Information given Block Start

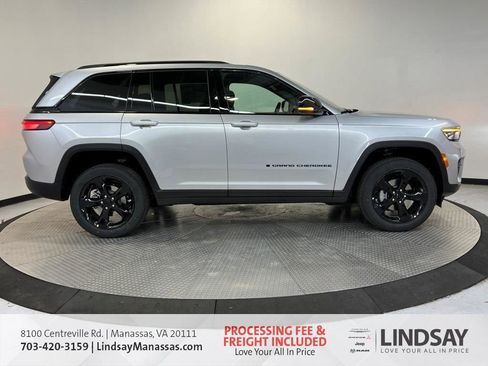 New 2025 Jeep Grand Cherokee Altitude AWD/4WD image 4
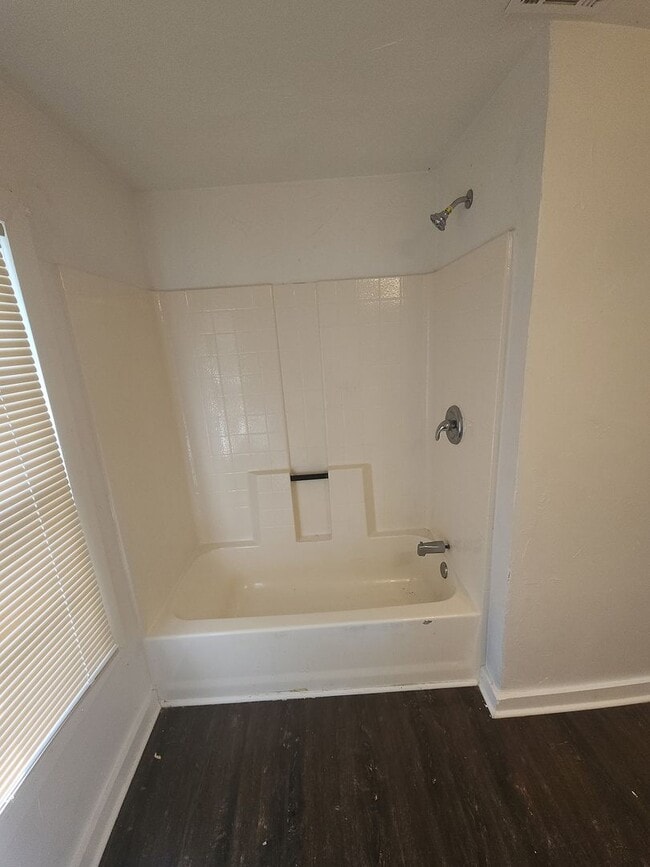 Building Photo - Affordable 3-bedroom, 2-bathroom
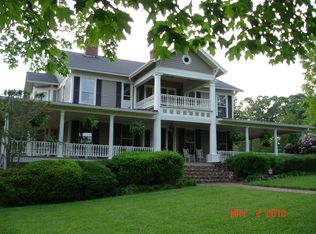 121 Gwyn Ave, Elkin, NC 28621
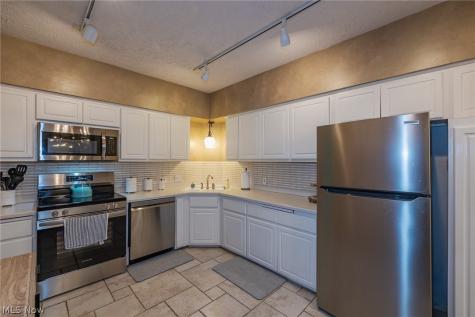 1139 Harwich Court Rocky River OH 44116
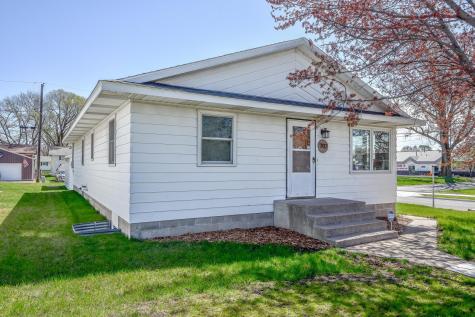 702 28th Avenue N Saint Cloud MN 56303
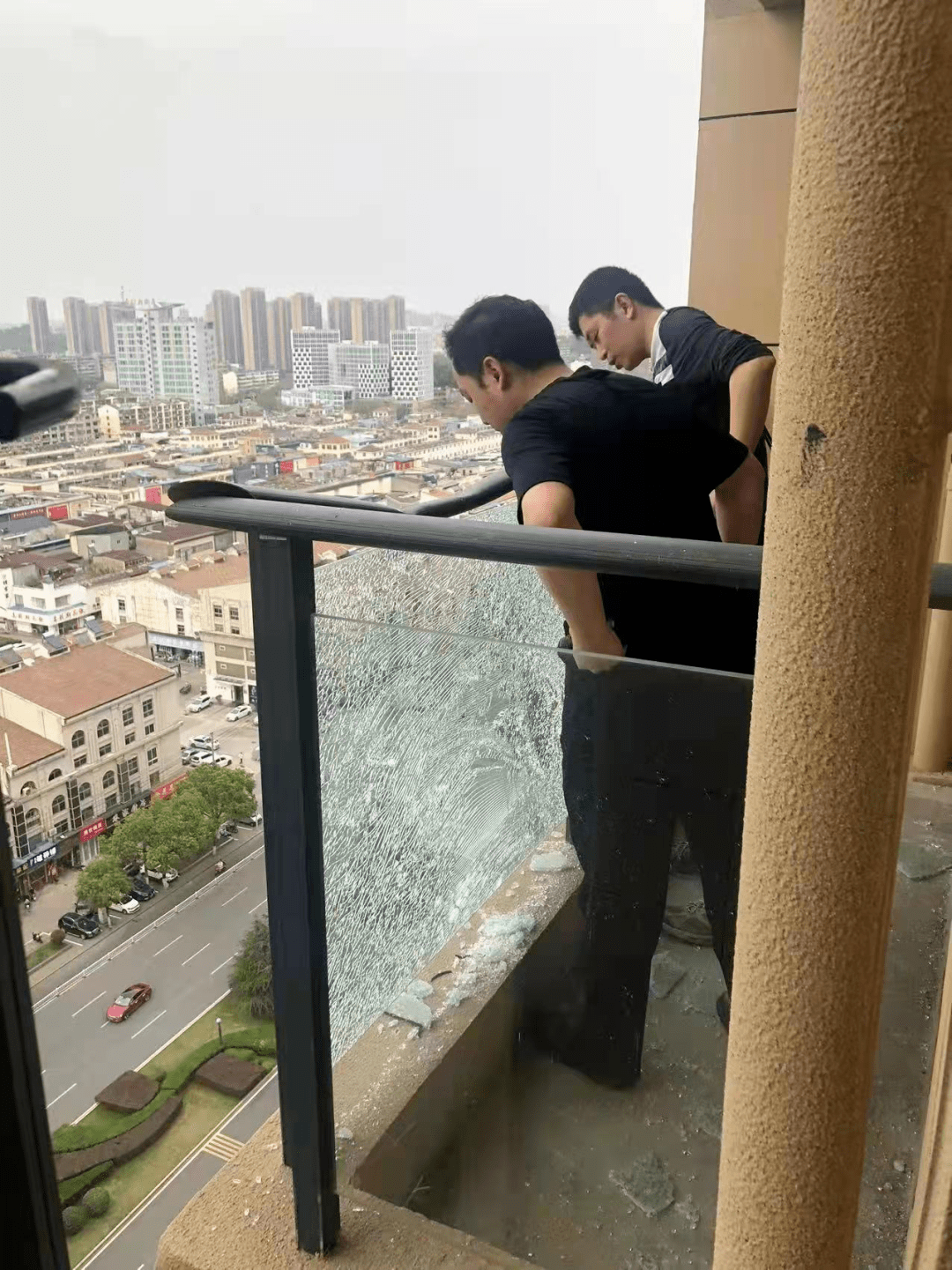 事发昌江高空坠物伤人警方查明伤者获赔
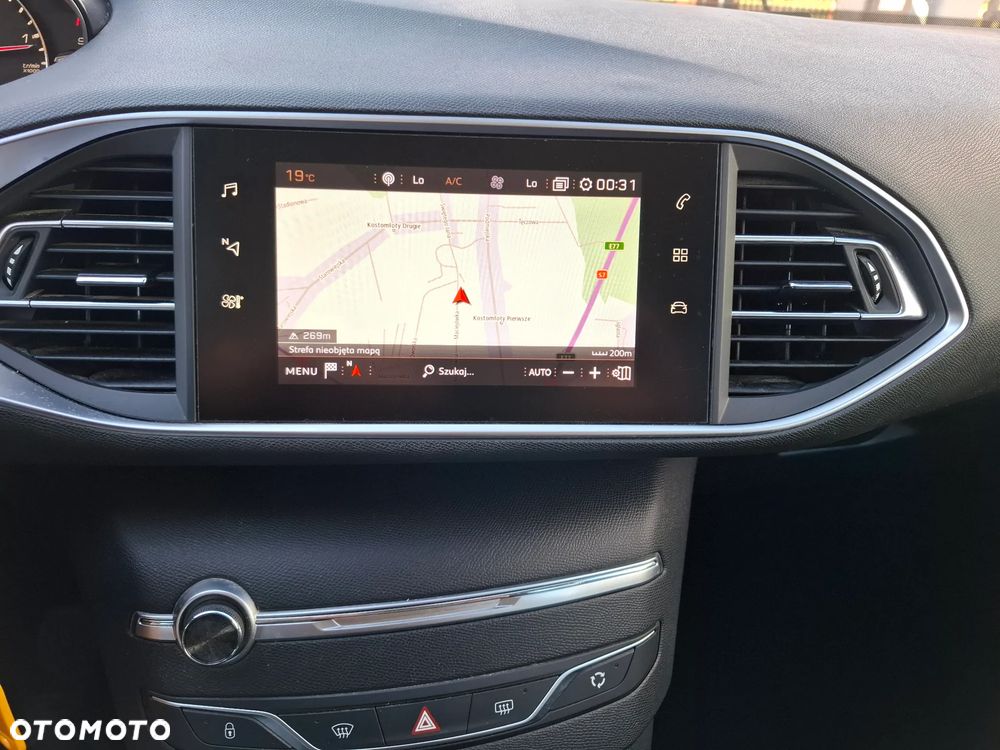 Peugeot 308 - 16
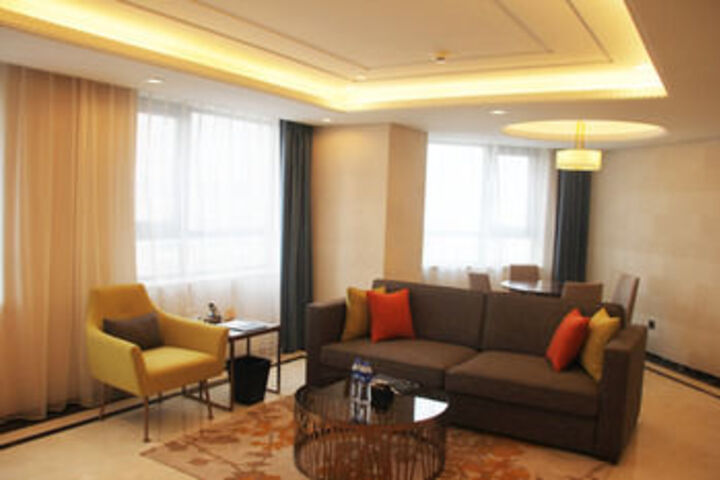 Room 16 of 52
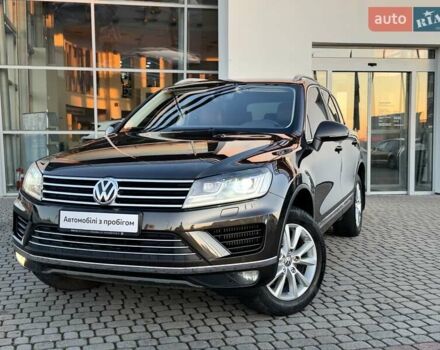 Коричневий Фольксваген Туарег, об'ємом двигуна 2.97 л та пробігом 220 тис. км за 28990 $, фото 3 на Automoto.ua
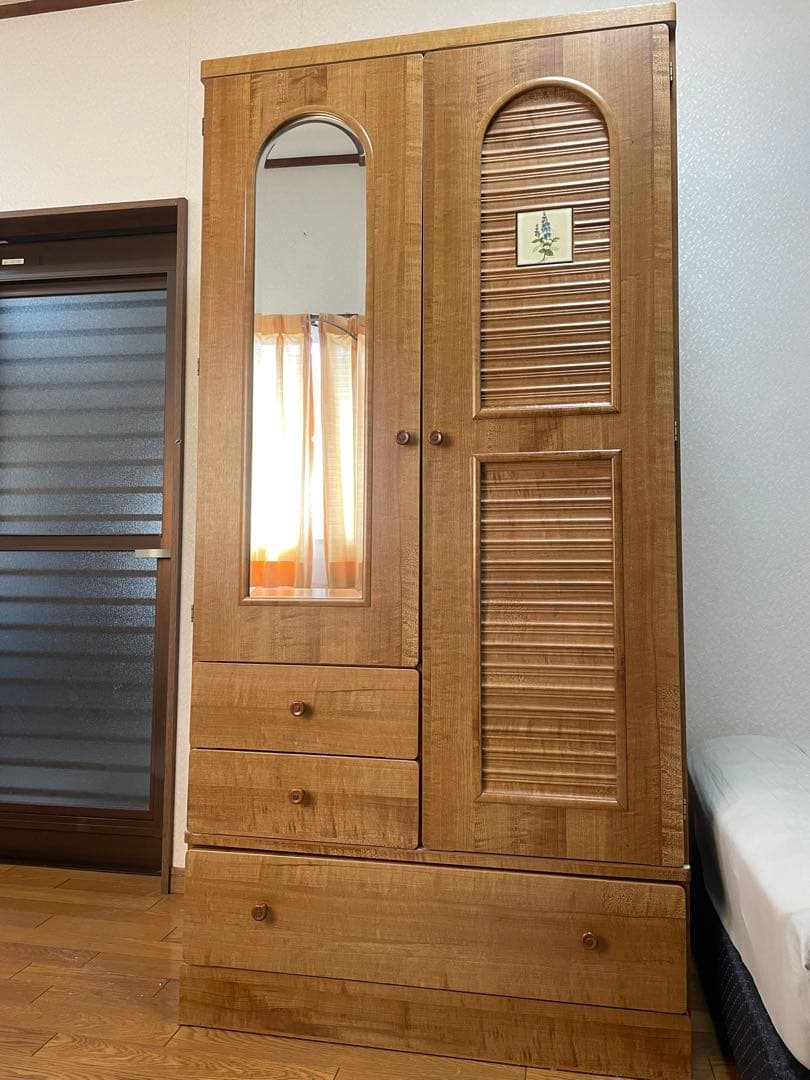 木製衣装タンス 洋服ダンス　引き出し付き　タンス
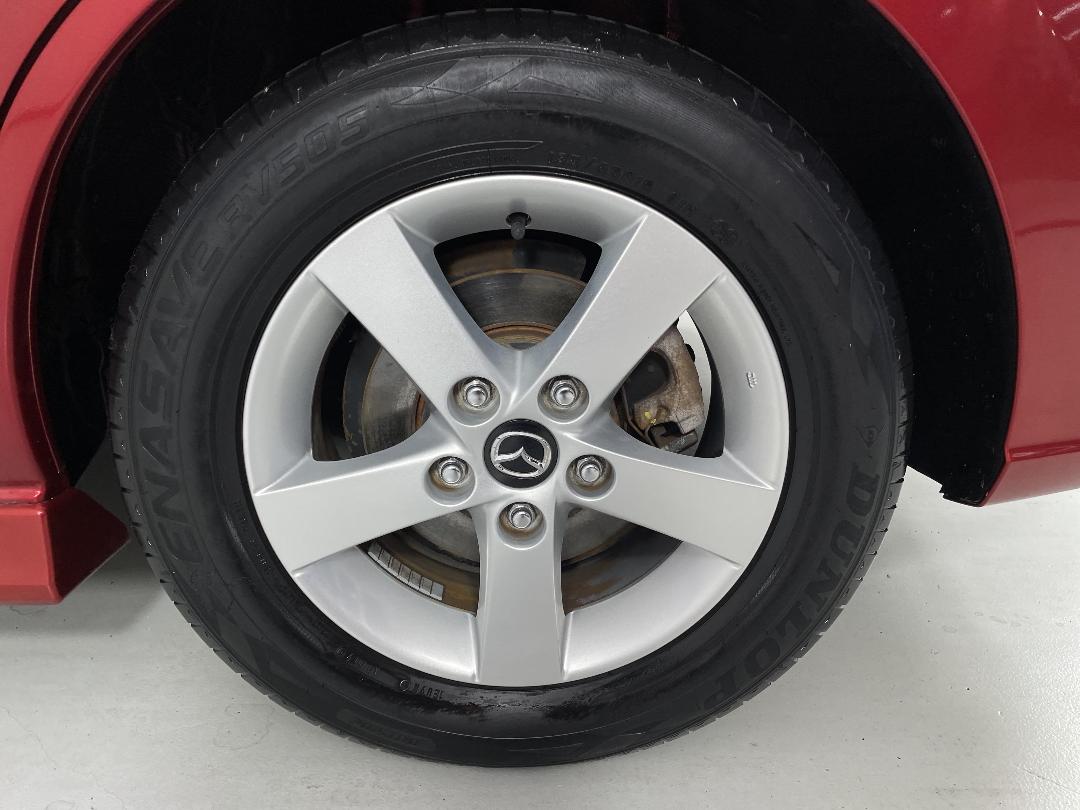 Photo '11' of Mazda Premacy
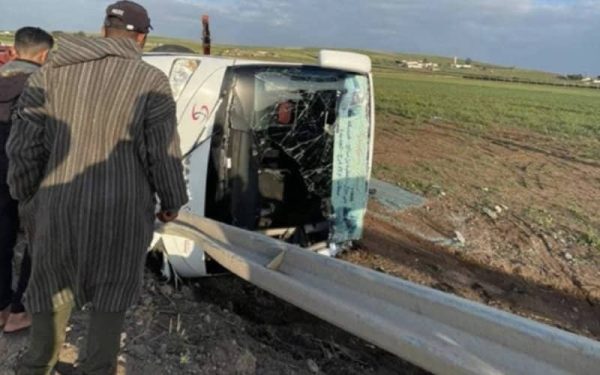 35 blessés dont deux grièvement dans le renversement d’un autocar à Settat © DR
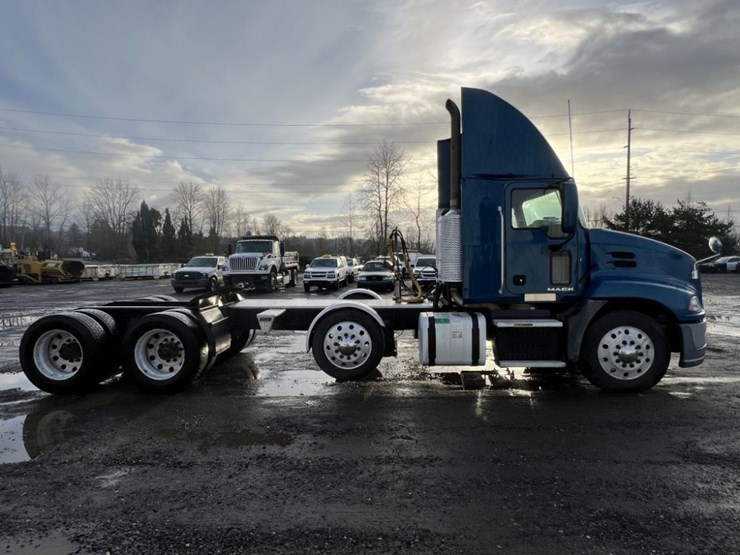 2015-mack-cxu613-tri-axle-truck-tractor-image-3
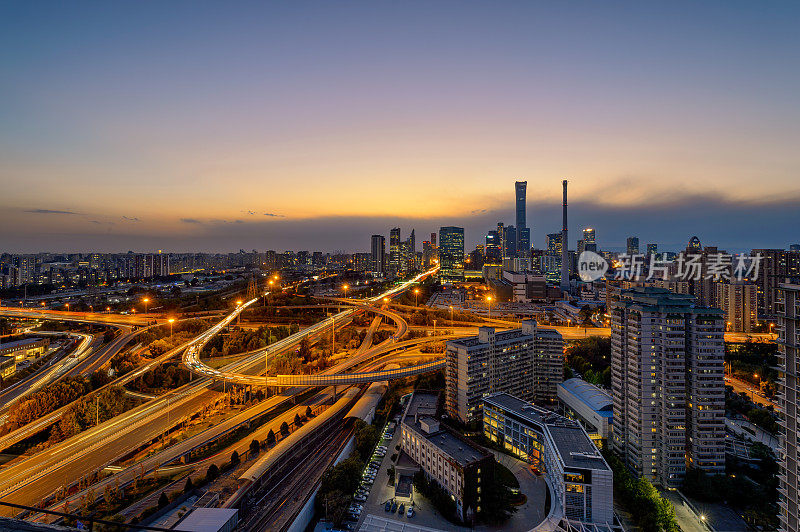 现代城市立交桥夜景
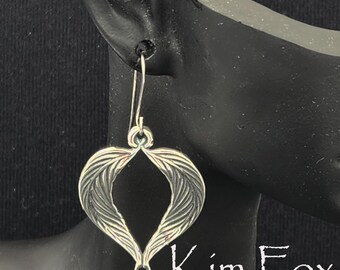 KFE530 Feather Heart Earrings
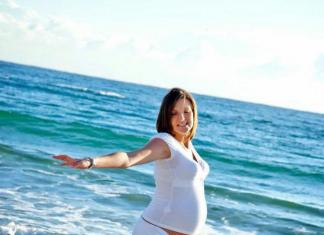Tehotné ženy na mori: je možné plávať a opaľovať sa počas tehotenstva?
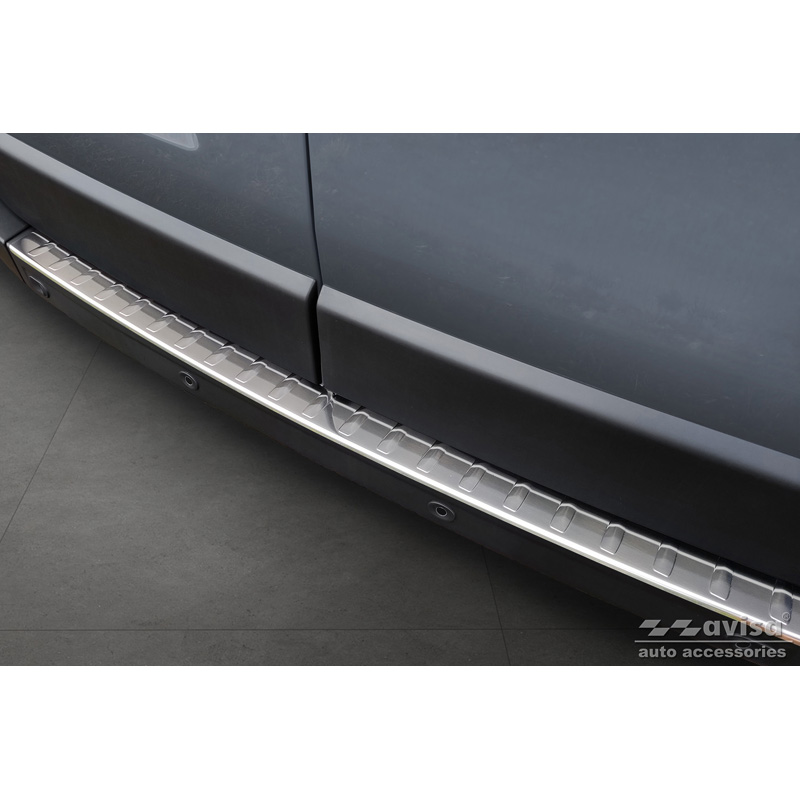 Protection de seuil arrière inox sur mesure pour Opel Movano / Renault Master III 2010-2018 & 2018-2021 'Ribs'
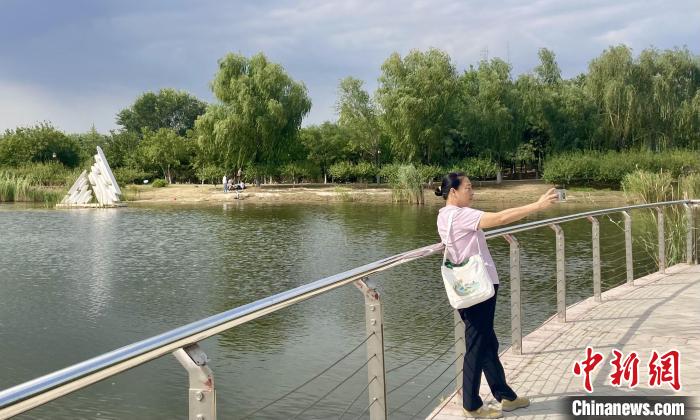 市民在永定河休閑森林公園游玩?！⌒戽?攝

Information given Block End

## What to do
Each line above from the one containing "35 blessés dont" through the one containing "Tehotné ženy na" is to be returned verbatim. Nothing else, and no pictures.

## Reply
 35 blessés dont deux grièvement dans le renversement d’un autocar à Settat © DR
 2015-mack-cxu613-tri-axle-truck-tractor-image-3
 现代城市立交桥夜景
 KFE530 Feather Heart Earrings
Tehotné ženy na mori: je možné plávať a opaľovať sa počas tehotenstva?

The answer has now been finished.